### [YOUR TASK]
With the images excluded, set down every line of the listing below exactly.

### [DATASET EXCERPT]
------------------------------------------------
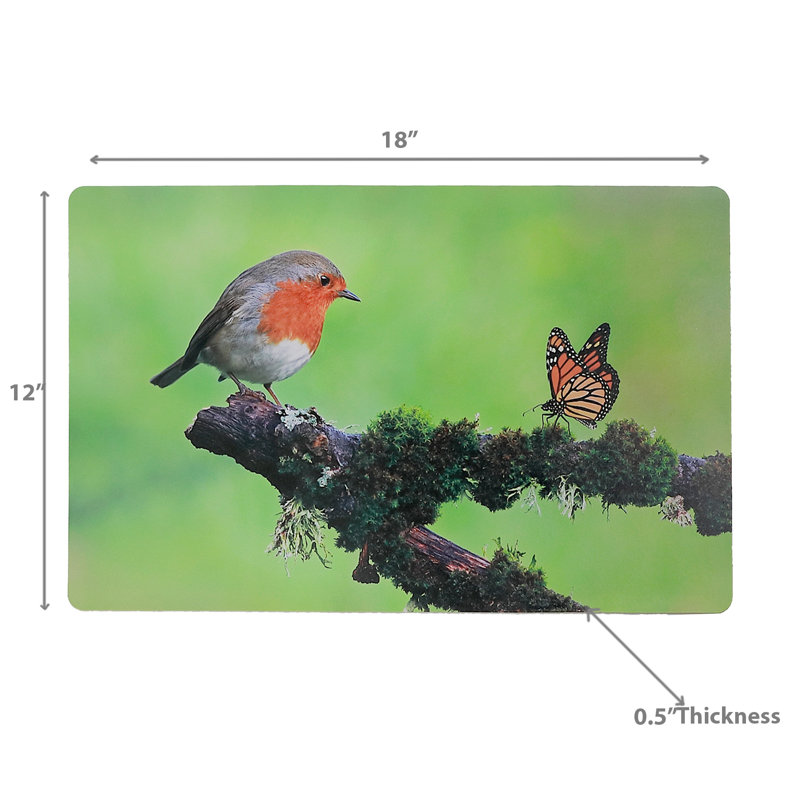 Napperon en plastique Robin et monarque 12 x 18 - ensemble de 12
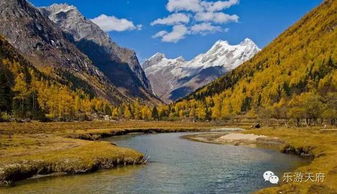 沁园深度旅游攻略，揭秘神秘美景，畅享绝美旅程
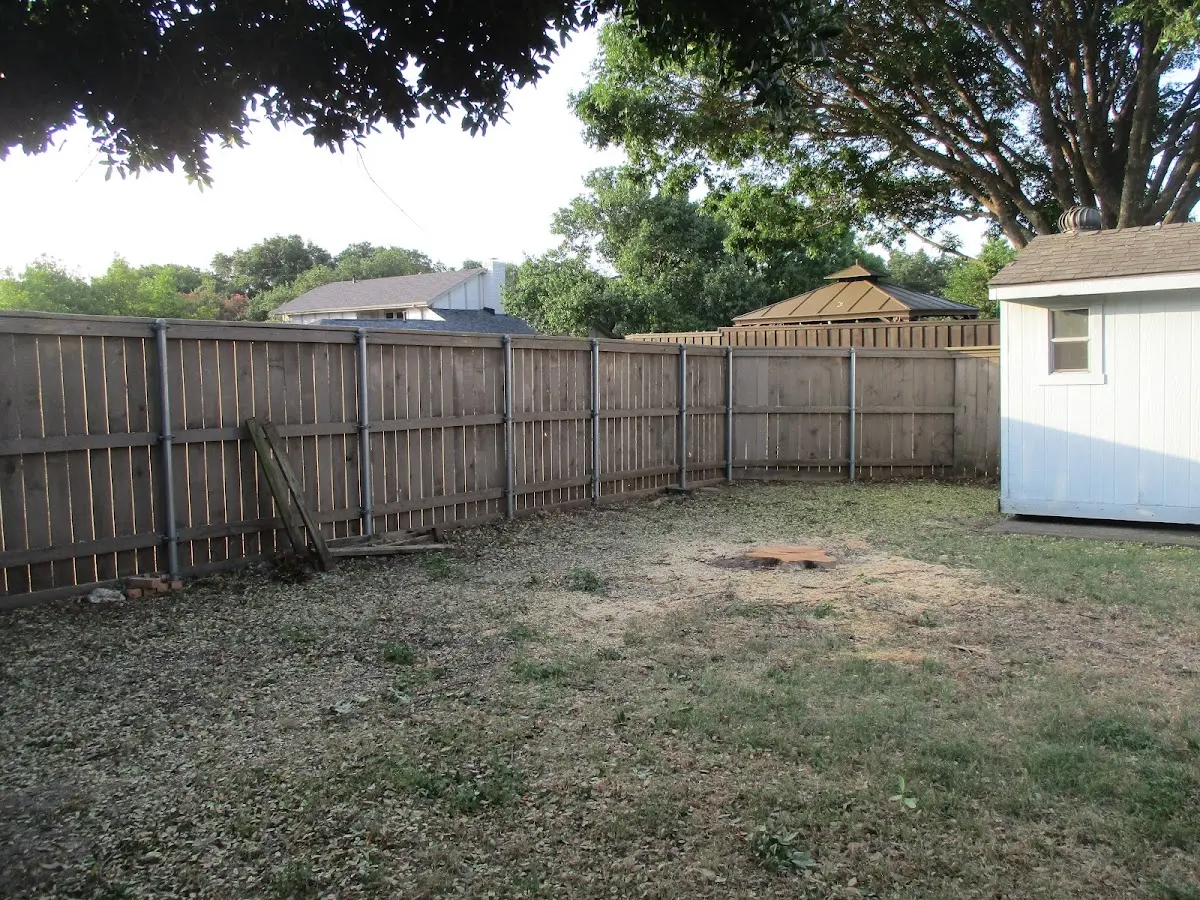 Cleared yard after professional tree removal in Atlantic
------------------------------------------------
### [YOUR SOLUTION]
 Napperon en plastique Robin et monarque 12 x 18 - ensemble de 12
 沁园深度旅游攻略，揭秘神秘美景，畅享绝美旅程
 Cleared yard after professional tree removal in Atlantic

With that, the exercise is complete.